A Crossdressing Sitcom
It’s funny, though, because all of those things that I described Justine as? That’s also how I think of my actual girlfriend. What doesn’t make sense now, is why does Justine exist? I have always had very low self-confidence in my male form – creating Justine, I reiterate and believe, allows me to be who I am not. It just so happens that she is what I believe a girlfriend should be/who my actual girlfriend is.
This tells me one thing: The girl of my dreams is nearly identical to my girlfriend. This is a good thing.
This also begs the question: Does Justine need to exist if I am content in my relationship? The answer is yes – and I think Justine would exist in the very same manner she does now, regardless of my relationship status. I don’t view Justine as a replacement girlfriend, but as a version of me that the male me desires – even if most people meet that quota in their ideal relationship.
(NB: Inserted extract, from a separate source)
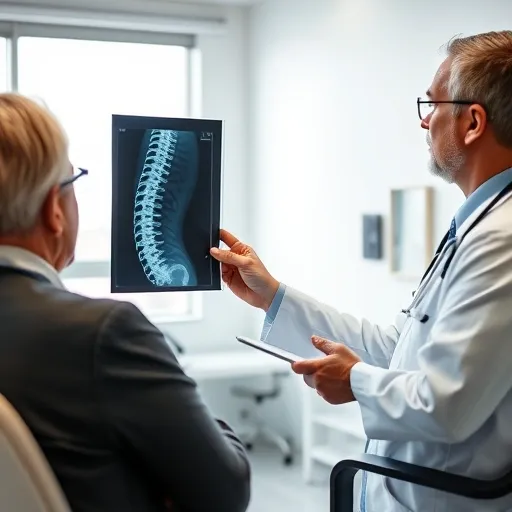 정확한 진단이 첫걸음: 연세바로척병원 진료 과정 및 정밀 검사 단계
I’ve digressed, now. This blog post was originally intended to describe Justine – not question of her (my) place in my (his) life. I suppose that understanding the relationship between Justine, male me, and my girlfriend is related, however – because in some ways this is a monogamous relationship with a third “heel.”
So I’ve now defined Justine in terms of existance, but the personality question still lingers. I can tell you this (and it may be redundant.) Justine is fun, happier, and in my head more outgoing than male me is. She likes fashion, sci-fi, shopping, board games, partying, and cuddling at night. She is a more wholly realized version of me. The aspects of me that have been repressed for one reason or another (that’s a whole ‘nother post…) She likes to be dominated, but also sometimes do the dominating. She likes to take you by surprise just as much as she likes to be surprised. She is me, but she is not. Her and I are me, and they are two sides to the same coin. (Wow, talk about cliche.)
This has been a very healthy blog post. I started writing it, not knowing where it would end up, and I am very happy with the results. My mind is clearer about my identity, and perhaps that mental first step is part of the path to a physical first step out the door. I wanted to go for a walk outside tonight with my girlfriend, but I used the rain as an excuse. There are about five perfectly good umbrellas within fifteen feet of me. I’m lame. One day.